War is Hell approaches peace studies through a lens of political philosophy rather than cultural or psychological aspects of war and peace making. Lummis examines common arguments and assumptions by interrogating them under the bright light of logic, seeking to address the world as it is.
Charles Douglas Lummis has written extensively on the topic of US foreign relations, and is a vocal critic of US foreign policy. His works include Radical Democracy, and A New Look at the Chrysanthemum and the Sword.
Susan Sontag has called Lummis "one of the most thoughtful, honorable, and relevant intellectuals writing about democratic practice anywhere in the world,"while Karel van Wolferenhas referred to him as an "eminent observer of the American-Japanese vassalage relationship."
War Is Hell is scholarly, well founded and illuminating. Very original and stimulating, which is characteristic of Doug Lummis.
Lummis' masterful combination of scholarship, grace, passion, and common sense gives us new ways of thinking about war and peace.
"I've followed Charles Douglas Lummis' peace activism and anti-war analyses for years. "War is Hell" in the culmination of his exceptional experience and knowledge. From Dante and Hobbes to Arendt and Walzer, from the scorched earth of Atlanta to the ashes of Tokyo, this book takes us on an intellectual and political journey that energizes us to think tougher thoughts about building peace."
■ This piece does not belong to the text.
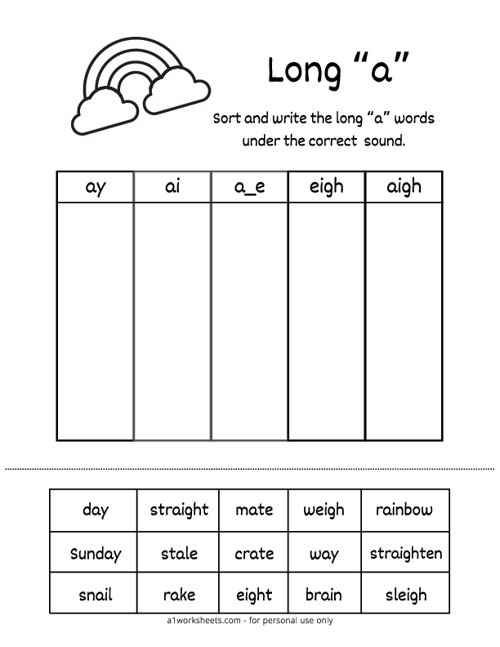 Long A Vowel Word Sort Worksheet for Second Grade Activity 2 Second grade student completing a long A vowel word sort exercise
Against the Hobbesian view that war is the original state of nature, Lummis argues in this provocative study of war that peace is the ordinary state of affairs for human beings, that violence is violence, and that the right of legitimate violence is "modern warfare's grand enabling clause" (p. xiii). Historically grounded discussions fill in this framework, with attention given to a variety of war-related topics: the role of religion, the meaning of just war, the dehumanization of enemies, the role that rape and pillage play in gendered warfare, and post-traumatic syndrome as a consequence of authorized killing. In conversation with Aquinas, Machiavelli, Weber, and Arendt, Lummis offers an in-depth discussion of Article 9 of the Japanese Constitution, which banned the right of belligerency, and then concludes with a discussion of Gandhi's vision of a radically different political configuration able to generate power and build community through nonviolent noncooperation. Lummis contends that the turn away from war requires collective action that withdraws consent to the right of belligerency. This well-researched, challenging, and original work should be of interest to students of history, international relations, political science, and ethics. Highly recommended. Advanced undergraduates through faculty.